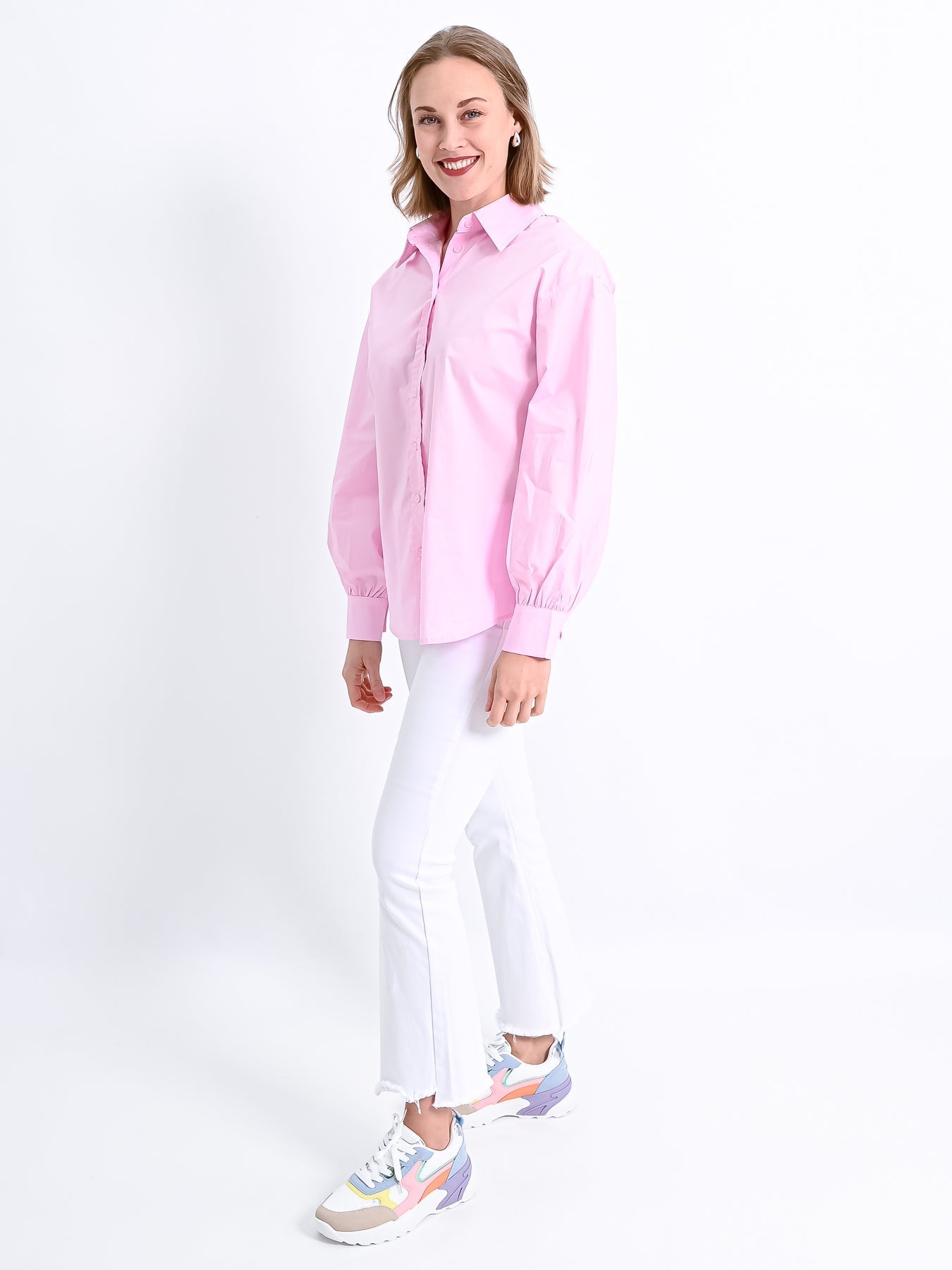 Dam Långärmad Blus med Knappband Mjuk Polyester-2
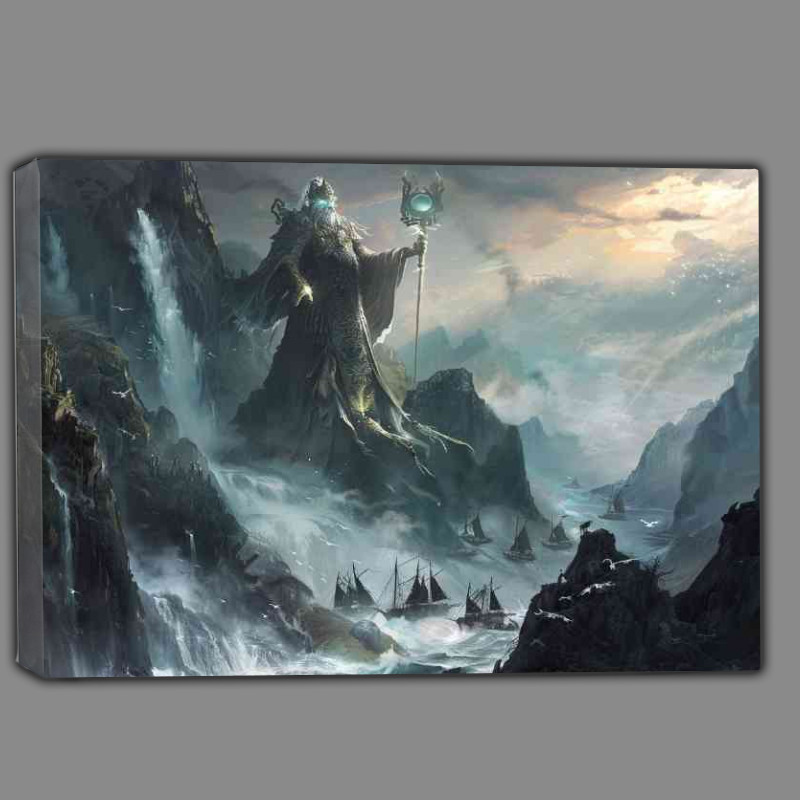 Buy Canvas : (Odin god with glowing eyes protecting viking ships)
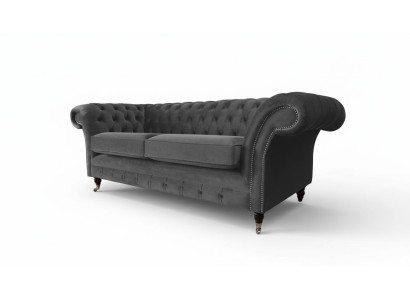Sofa 3-Seater Luxury Textile Chesterfield Couch Sofas Upholstery Design Furniture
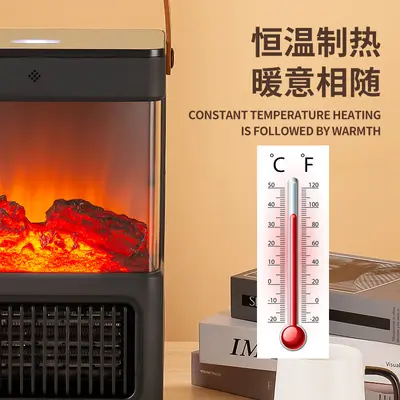 Simulated Flame Electric Space Heater for Home and Bathroom, Hot Air Blower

### ASSIGNMENT
Leave the images out as you retype each line of the material exactly.

### SOLUTION FOR THIS TASK
 Dam Långärmad Blus med Knappband Mjuk Polyester-2
 Buy Canvas : (Odin god with glowing eyes protecting viking ships)
Sofa 3-Seater Luxury Textile Chesterfield Couch Sofas Upholstery Design Furniture
 Simulated Flame Electric Space Heater for Home and Bathroom, Hot Air Blower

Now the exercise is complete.